Beds of smelly, rotting seaweed are washing up on the shore of South Florida in record amounts. It's decorating the sand with brown carpets, twisting and tangling around the ankles of beach visitors, and keeping a lot of folks at bay.
"This is terrible, but this is nature," said beach visitor Lubel Ivanov, a tourist from Dallas.
The recent seaweed invasion is alarming local officials who are concerned that it could impact its lucrative tourism industry, which is largely reliant on its sunny, and pristine, beaches.
While the algae is not necessarily toxic to humans, it is proving to be a giant nuisance for the 16 million tourists who visit each year — and who spend nearly $30 billion in the process. And tourism officials are wondering: Will tourists still come if they can't visit the beaches?
"Well, it's a challenge and we're going to have to deal with it," Miami Beach Mayor Dan Gelber said. "We're Miami Beach, so it's important for our residents and for visitors that we take care of it, and we are going to."
Miami-Dade County officials may now have to pay millions of dollars a year in beach cleanup costs to try and save the tourism industry. In June, county officials gave a presentation estimating that removing the seaweed would cost $35 to $45 milllion a year.
Since the end of last week, cleanup crews in South Florida have been targeting areas of the beach with the biggest buildup of the sargassum seaweed. They are using dump trucks and bulldozers to scoop it all up and haul it out of the sand. According to Miami-Dade County officials, crews arrive early in the morning and finish up by roughly 10:30 a.m. before the beach visitors arrive.
Around that time, South Beach looks like a construction zone, with bulldozers surrounding the shore, doing their work right alongside tourists and residents getting in the water. The Miami-Dade County Parks, Recreation and Open Spaces Department said it is removing the seaweed and transporting it to a landfill.
The seaweed is also proving to be a rubbish trap, collecting trash, flies, and whatever else washes up.

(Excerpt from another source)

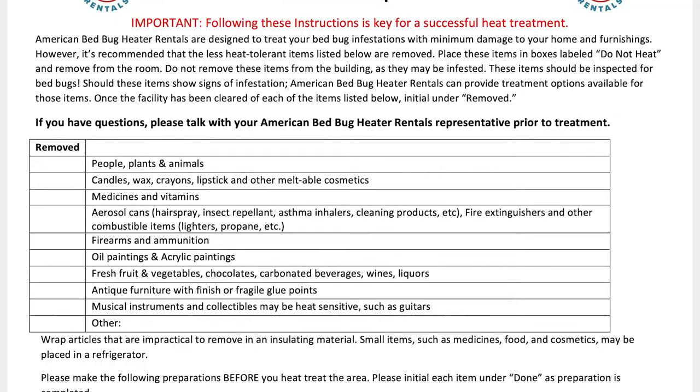Everything looks like it's prepped in here. Now you can watch the video on how to actually set up the bed bug heaters, which you can find on the how-to-set-up bed bug heaters page at AmericanBedBugHeaterRentals.com.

Scientists say this issue has been ongoing since about 2011, and they say we are at the peak of the problem now. Beyond Florida, the putrid plants are littering beaches in three other states: Texas, Louisiana, and South Carolina, along with countries like Mexico and Barbados.

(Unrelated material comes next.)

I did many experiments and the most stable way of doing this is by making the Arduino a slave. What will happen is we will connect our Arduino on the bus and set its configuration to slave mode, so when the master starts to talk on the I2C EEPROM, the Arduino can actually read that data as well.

Marine scientists said the seaweed is not harmful but it is quite unpleasant.
"This is not a toxic algae, but when there's large amounts of it, it smells bad … it looks kind of like a leftover food with too much soy sauce on it. Big rotting piles can emit a gas called hydrogen sulfide that can actually be irritating and somewhat toxic to humans," said James Douglass, a marine scientist with the Florida Gulf Coast University.
From a skyline view, visitors can see how much the seaweed is choking the shores. Scientists put the blame on things like pollution, rising ocean temperatures, amazon deforestation, increased agriculture and the use of fertilizers.
We have a lot of nutrients coming down the Amazon River causing deforestation, and that is causing the sargassum seaweed to bloom, and it is coming around the Caribbean. Then the Gulf Stream brings it here, winds blowing it on shore, and now we have this mess," said Steve Leatherman, a Florida International University professor of environmental studies who calls himself "Dr. Beach."
He said it's not only a nuisance — it's also harming wildlife.
"Turtles get underneath, it's so thick, you know, six feet thick under the water, they can't find a way out, they drown," he said. "Marine life, and also the fish, are dying because it absorbs the oxygen as it rots. There is no oxygen and the fish die."
Researchers say the seaweed may be here to stay.
"The future is, we are going to have a lot more sargassum like we've never had it before. We've always had some on this beach … but now, with this massive amount, guys are bringing heavy equipment out here or else put booms out there ... something to intercept it before it gets here," Leatherman said.
One thing most people can agree on: Residents and tourists visiting Miami Beach hope to see their nice clean beach again — as soon as possible.